Sebastian Kurz, the chancellor of Austria and the summit’s host, struck a conciliatory tone.

Speaking at the same press conference, he said: “I think it’s important for both sides to move towards each other to give a little. We’ve got to avoid a hard Brexit. We’ve had good discussions of an informal nature here – among the 27 of us we agreed we would use October to finalise negotiations and then in November we would put a final line under the negotiations.”

At a separate press conference following the meeting, Theresa May stood by the white paper, however.

“There is no solution that will resolve the Northern Ireland border which is not based on the frictionless movement of goods,” she said, visibly angry and shaking. “Our white paper remains the only serious and credible proposition on the table for achieving that objective.”

She added: “If there are concerns from the European Union, lets hear what those concerns are and sit down and look at those concerns.”

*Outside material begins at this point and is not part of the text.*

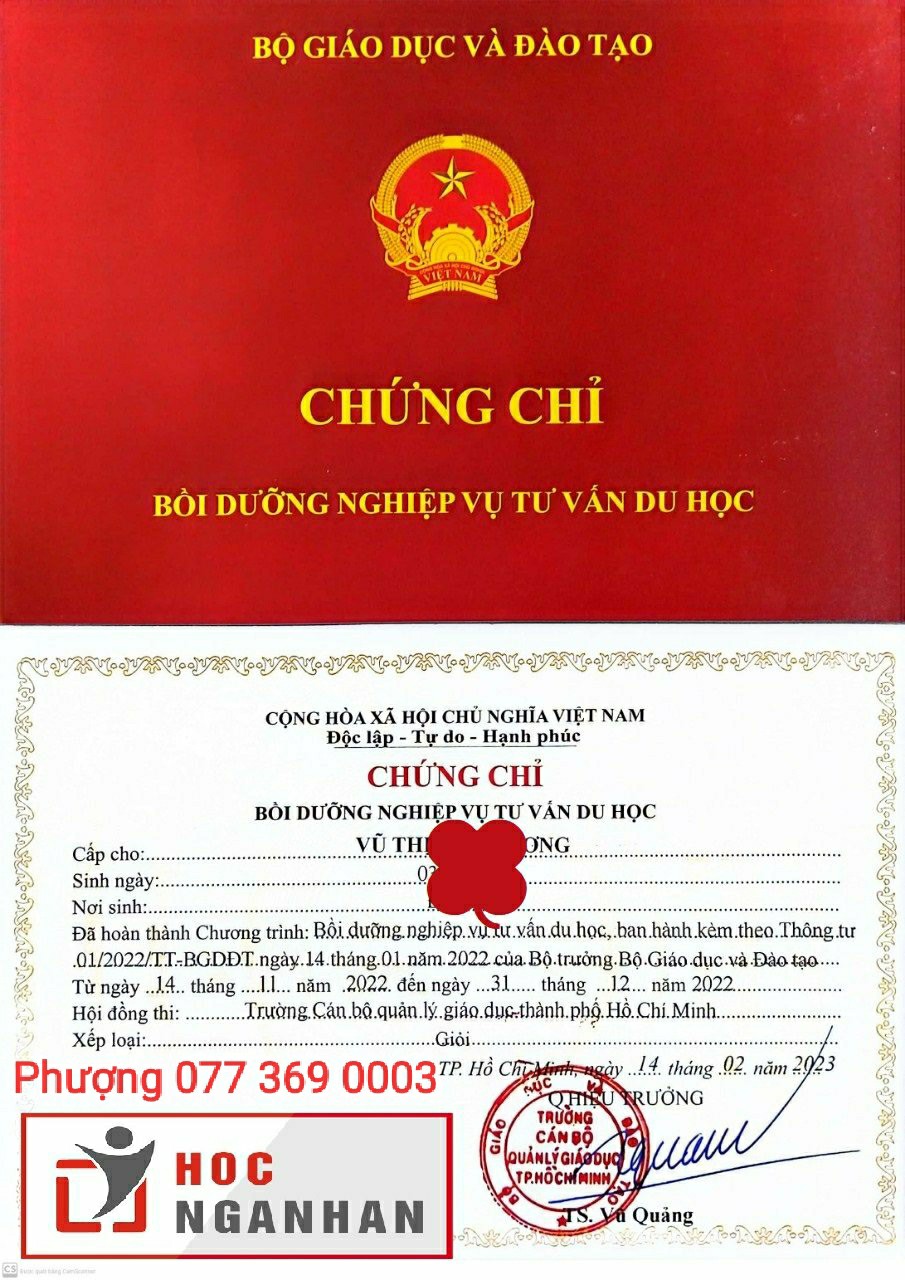 chứng chỉ tư vấn du học.jpg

The concerns previously spelled out by European Commission regarding the proposal include not wanting to split the single market, not wanting to delegate EU customs checks to a non-member state, and not wanting to give UK service providers a competitive advantage over those on the continent.

The rebuffing from the EU member states is a huge blow for the prime minister; sources ahead of the summit had suggested leaders were looking for something positive to say about Chequers. Ms May addressed leaders over dinner on Wednesday night for a short time to make her case, but was not allowed in the main discussion about Brexit on Thursday.